[Exercise requirements]:
Look for "Doll" in every line of the listing. Copy the lines that have it.
================
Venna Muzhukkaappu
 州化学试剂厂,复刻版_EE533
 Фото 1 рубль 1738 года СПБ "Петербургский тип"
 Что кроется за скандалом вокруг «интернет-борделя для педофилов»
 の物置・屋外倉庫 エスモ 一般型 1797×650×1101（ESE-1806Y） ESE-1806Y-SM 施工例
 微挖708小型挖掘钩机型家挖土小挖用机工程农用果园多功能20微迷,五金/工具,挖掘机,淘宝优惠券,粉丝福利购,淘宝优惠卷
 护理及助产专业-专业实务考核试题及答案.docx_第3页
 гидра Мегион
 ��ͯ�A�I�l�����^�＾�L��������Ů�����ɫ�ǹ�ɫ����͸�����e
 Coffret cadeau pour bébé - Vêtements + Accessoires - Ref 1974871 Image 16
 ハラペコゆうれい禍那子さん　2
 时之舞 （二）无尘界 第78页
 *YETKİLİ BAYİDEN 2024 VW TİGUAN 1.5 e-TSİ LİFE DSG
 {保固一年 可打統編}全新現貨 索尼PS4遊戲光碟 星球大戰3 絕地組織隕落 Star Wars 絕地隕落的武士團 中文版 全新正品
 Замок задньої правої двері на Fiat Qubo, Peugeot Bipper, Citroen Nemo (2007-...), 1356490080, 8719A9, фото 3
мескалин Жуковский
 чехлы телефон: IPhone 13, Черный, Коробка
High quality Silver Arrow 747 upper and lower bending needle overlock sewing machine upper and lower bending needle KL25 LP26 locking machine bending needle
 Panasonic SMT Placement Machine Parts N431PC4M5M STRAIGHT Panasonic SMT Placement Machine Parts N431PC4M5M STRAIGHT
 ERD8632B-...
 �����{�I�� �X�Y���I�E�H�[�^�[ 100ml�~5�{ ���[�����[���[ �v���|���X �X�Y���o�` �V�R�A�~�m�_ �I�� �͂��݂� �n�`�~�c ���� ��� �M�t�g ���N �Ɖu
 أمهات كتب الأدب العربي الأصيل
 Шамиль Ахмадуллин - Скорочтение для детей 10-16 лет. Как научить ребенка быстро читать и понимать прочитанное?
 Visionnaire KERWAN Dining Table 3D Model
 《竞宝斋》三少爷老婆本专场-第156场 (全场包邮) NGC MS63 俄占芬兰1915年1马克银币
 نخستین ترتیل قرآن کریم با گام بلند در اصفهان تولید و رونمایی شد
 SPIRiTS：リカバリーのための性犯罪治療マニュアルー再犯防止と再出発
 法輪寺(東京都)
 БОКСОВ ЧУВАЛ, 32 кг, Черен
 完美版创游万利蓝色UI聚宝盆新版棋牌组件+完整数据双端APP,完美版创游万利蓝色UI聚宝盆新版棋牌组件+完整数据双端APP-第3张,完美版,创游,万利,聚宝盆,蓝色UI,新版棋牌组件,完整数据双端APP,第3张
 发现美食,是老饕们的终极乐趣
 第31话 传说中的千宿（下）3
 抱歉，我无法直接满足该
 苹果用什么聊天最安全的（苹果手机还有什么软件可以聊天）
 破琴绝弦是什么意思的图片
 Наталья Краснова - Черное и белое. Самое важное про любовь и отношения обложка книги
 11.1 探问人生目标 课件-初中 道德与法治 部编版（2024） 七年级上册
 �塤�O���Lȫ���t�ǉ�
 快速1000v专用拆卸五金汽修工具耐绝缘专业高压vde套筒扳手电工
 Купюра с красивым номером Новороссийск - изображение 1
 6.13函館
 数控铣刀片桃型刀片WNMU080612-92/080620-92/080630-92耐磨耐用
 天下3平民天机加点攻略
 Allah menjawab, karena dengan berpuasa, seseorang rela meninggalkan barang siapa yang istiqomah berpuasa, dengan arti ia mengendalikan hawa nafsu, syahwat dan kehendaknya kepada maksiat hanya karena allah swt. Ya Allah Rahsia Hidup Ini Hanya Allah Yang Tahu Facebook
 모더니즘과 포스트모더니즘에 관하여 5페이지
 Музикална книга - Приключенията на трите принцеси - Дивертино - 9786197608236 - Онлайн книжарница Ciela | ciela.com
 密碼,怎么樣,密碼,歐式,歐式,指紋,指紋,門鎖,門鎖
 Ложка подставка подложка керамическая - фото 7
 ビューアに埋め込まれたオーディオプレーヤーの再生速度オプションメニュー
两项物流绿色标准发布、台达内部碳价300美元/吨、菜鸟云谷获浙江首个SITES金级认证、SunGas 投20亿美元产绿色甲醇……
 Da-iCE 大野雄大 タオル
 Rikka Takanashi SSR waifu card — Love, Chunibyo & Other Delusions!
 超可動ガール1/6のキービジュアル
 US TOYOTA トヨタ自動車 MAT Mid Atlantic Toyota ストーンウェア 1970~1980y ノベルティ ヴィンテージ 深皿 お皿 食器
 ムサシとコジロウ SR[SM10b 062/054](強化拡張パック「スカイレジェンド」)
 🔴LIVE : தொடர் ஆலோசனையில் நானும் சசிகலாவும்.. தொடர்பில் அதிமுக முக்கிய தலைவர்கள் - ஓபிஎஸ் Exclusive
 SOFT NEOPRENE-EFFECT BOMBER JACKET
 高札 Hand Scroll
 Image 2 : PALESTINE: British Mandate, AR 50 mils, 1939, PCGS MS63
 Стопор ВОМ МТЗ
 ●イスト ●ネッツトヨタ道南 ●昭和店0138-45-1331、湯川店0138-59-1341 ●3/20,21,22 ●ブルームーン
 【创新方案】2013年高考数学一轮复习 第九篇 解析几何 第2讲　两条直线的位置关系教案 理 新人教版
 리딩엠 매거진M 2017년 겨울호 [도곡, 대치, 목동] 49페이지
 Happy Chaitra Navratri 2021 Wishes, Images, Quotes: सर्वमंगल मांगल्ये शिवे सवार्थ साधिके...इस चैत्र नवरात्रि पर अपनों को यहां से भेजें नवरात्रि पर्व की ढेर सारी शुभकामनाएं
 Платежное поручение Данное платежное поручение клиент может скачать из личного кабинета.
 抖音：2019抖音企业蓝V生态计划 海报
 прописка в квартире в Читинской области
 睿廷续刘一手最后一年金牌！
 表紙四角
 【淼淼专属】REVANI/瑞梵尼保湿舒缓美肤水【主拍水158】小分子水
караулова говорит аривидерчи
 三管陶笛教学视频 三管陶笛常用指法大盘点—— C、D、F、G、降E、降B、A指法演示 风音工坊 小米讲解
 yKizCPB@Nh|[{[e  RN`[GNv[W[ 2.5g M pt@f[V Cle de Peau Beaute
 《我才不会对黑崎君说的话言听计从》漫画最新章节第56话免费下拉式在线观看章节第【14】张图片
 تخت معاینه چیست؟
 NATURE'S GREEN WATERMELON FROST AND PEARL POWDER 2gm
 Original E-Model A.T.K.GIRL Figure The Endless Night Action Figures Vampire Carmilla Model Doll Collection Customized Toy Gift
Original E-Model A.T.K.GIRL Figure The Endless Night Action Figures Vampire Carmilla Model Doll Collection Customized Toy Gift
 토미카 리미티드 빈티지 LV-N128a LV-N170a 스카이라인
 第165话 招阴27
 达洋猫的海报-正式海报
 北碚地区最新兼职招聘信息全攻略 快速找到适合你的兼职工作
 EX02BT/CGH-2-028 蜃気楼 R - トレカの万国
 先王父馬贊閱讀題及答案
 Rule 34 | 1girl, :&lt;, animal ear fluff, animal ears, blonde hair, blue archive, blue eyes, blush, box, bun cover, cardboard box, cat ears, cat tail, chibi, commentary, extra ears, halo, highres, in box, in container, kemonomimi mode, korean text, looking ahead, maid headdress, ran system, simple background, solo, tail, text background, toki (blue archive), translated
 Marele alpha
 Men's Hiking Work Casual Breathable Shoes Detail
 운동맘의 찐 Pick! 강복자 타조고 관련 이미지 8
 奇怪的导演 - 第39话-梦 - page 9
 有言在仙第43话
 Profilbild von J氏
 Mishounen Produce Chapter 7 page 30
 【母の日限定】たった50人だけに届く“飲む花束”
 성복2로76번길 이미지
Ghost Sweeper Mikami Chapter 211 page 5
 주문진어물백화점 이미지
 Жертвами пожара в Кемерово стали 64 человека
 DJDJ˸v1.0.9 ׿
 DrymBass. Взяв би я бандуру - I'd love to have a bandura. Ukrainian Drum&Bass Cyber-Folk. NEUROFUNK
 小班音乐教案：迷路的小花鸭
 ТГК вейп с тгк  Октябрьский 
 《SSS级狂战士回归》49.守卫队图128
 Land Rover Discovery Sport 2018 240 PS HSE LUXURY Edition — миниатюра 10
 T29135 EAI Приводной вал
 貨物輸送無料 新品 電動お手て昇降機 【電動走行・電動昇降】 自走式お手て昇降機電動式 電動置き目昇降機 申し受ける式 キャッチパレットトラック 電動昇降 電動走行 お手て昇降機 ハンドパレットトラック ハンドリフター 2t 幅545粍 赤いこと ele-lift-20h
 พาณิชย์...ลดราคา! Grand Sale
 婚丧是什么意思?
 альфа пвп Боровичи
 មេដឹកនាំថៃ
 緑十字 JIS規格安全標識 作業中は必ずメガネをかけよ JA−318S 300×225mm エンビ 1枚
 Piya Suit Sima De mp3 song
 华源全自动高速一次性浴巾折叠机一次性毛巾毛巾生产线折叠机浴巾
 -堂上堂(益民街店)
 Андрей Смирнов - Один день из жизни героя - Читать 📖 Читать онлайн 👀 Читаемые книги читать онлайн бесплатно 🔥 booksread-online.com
================
[Written response]:
 Original E-Model A.T.K.GIRL Figure The Endless Night Action Figures Vampire Carmilla Model Doll Collection Customized Toy Gift
Original E-Model A.T.K.GIRL Figure The Endless Night Action Figures Vampire Carmilla Model Doll Collection Customized Toy Gift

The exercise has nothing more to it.